-- TASK PROMPT --
Omit the pictures. Transcribe exactly the lines below, from the one with "Mavericks Warriors Basketball" up to and including the last.

(INFORMATION PROVIDED)

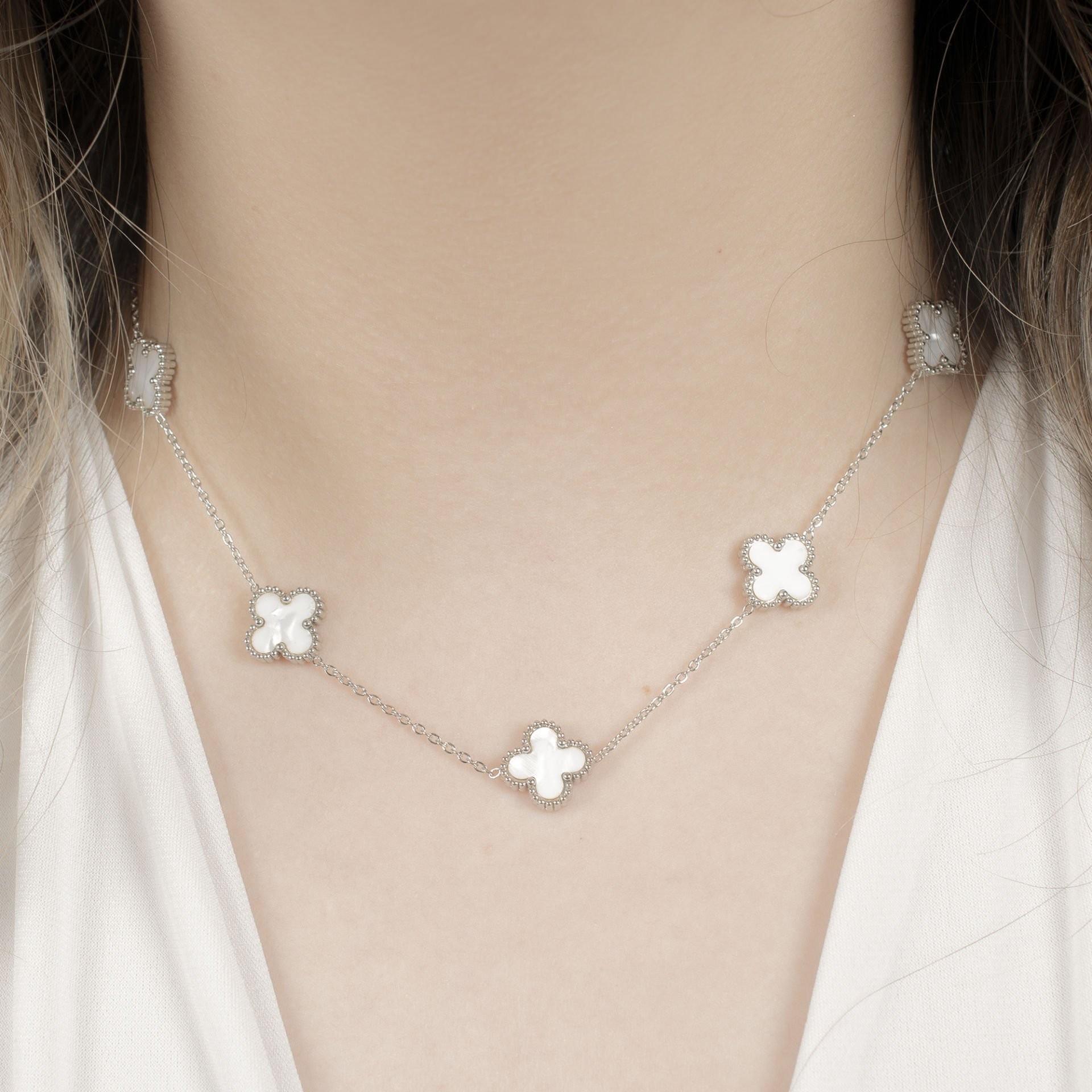 Nur Silver Beyaz Çift Taraflı Yonca Çelik Kolye NUR-CL00399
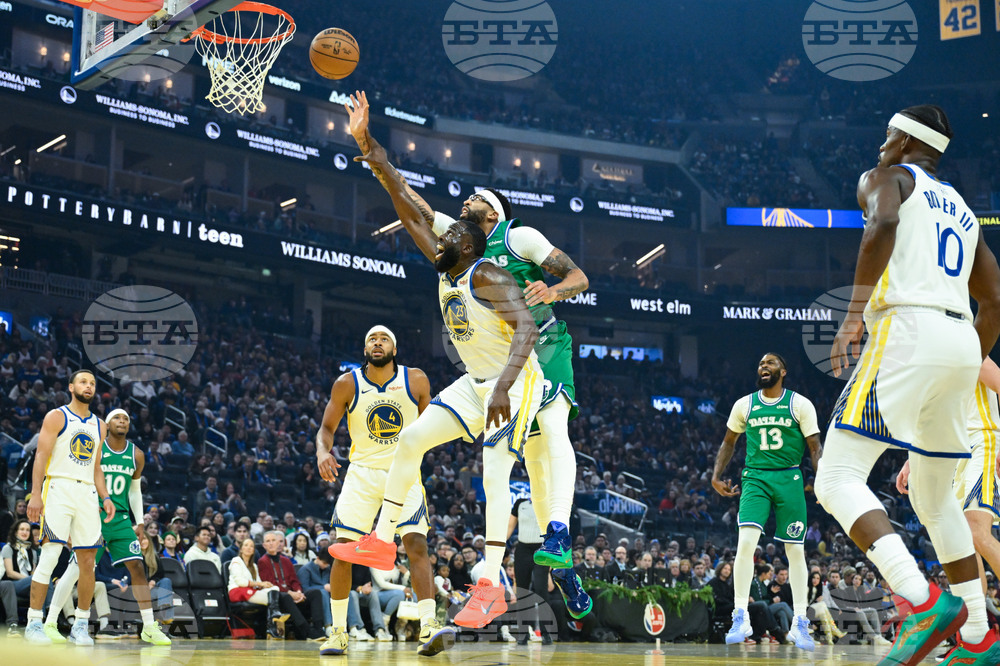 Mavericks Warriors Basketball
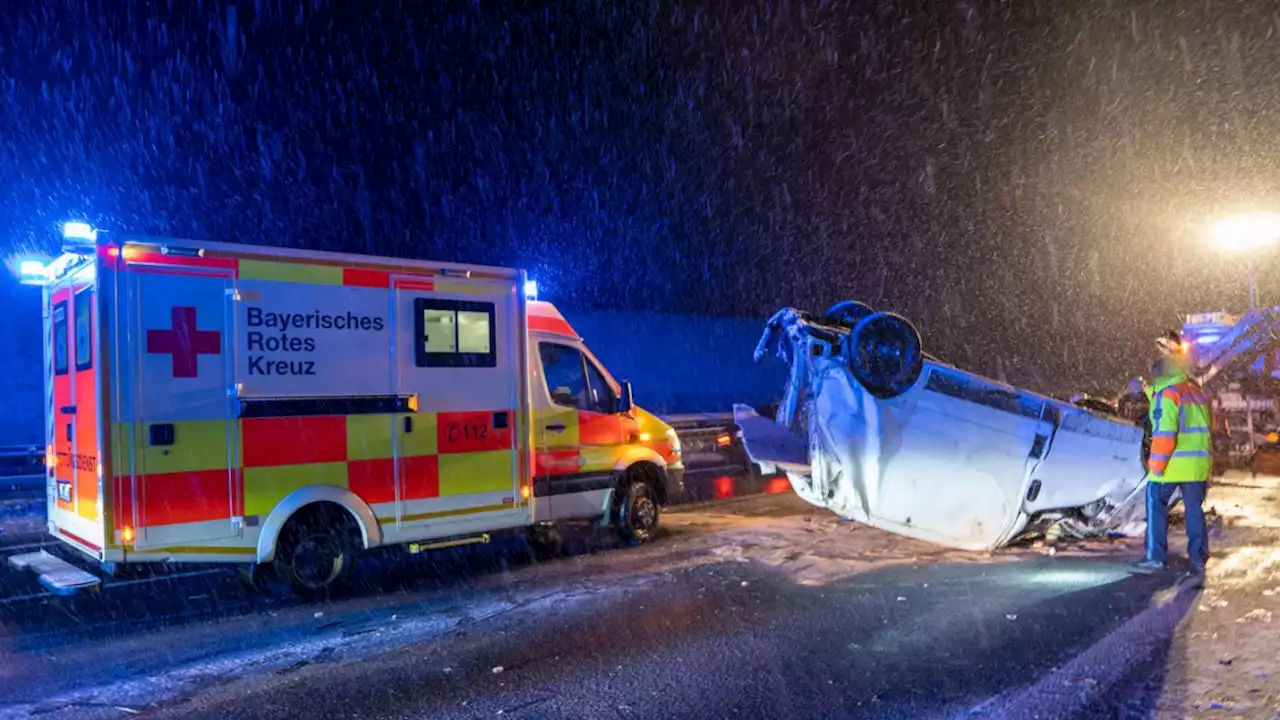 Schnee in Bayern: Unfälle auf glatten Straßen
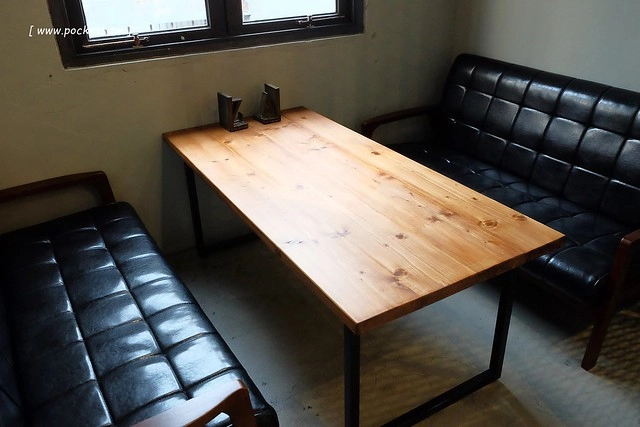 台中西區｜好堅果咖啡 Heynuts Caf&eacute;．精明商圈工業風咖啡館，食材用心餐點豐盛 @飛天璇的口袋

(End INFORMATION PROVIDED)

-- RESULT BELOW --
 Mavericks Warriors Basketball
 Schnee in Bayern: Unfälle auf glatten Straßen
 台中西區｜好堅果咖啡 Heynuts Caf&eacute;．精明商圈工業風咖啡館，食材用心餐點豐盛 @飛天璇的口袋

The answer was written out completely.